■ Given information ■
- Opening Delimiter -

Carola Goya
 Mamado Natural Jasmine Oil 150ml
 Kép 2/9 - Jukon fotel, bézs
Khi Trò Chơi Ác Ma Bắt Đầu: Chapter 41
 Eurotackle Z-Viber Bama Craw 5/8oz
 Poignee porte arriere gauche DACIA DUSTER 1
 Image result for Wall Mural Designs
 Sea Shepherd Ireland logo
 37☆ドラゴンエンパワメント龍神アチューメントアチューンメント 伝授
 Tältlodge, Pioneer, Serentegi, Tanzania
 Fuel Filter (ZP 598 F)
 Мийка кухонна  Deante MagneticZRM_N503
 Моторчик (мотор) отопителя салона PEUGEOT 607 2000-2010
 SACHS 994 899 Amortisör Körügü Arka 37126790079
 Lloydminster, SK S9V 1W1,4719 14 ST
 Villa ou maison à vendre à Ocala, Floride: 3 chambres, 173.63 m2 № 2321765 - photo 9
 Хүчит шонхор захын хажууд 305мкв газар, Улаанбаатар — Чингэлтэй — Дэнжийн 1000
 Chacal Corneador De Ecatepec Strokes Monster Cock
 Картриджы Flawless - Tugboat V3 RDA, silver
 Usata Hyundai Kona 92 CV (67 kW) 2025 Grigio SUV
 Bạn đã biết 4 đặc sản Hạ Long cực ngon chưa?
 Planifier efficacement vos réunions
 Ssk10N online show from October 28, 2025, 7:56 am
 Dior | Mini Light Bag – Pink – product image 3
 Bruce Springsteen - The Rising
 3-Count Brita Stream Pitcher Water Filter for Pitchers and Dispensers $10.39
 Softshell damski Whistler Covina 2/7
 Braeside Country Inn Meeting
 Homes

- Closing Delimiter -

■ Problem details ■
Send back an exact copy of only the lines from the line with "Mamado Natural Jasmine Oil 150ml" up to and including the line with "Villa ou maison" in the data above.

■ Solution for this problem ■
 Mamado Natural Jasmine Oil 150ml
 Kép 2/9 - Jukon fotel, bézs
Khi Trò Chơi Ác Ma Bắt Đầu: Chapter 41
 Eurotackle Z-Viber Bama Craw 5/8oz
 Poignee porte arriere gauche DACIA DUSTER 1
 Image result for Wall Mural Designs
 Sea Shepherd Ireland logo
 37☆ドラゴンエンパワメント龍神アチューメントアチューンメント 伝授
 Tältlodge, Pioneer, Serentegi, Tanzania
 Fuel Filter (ZP 598 F)
 Мийка кухонна  Deante MagneticZRM_N503
 Моторчик (мотор) отопителя салона PEUGEOT 607 2000-2010
 SACHS 994 899 Amortisör Körügü Arka 37126790079
 Lloydminster, SK S9V 1W1,4719 14 ST
 Villa ou maison à vendre à Ocala, Floride: 3 chambres, 173.63 m2 № 2321765 - photo 9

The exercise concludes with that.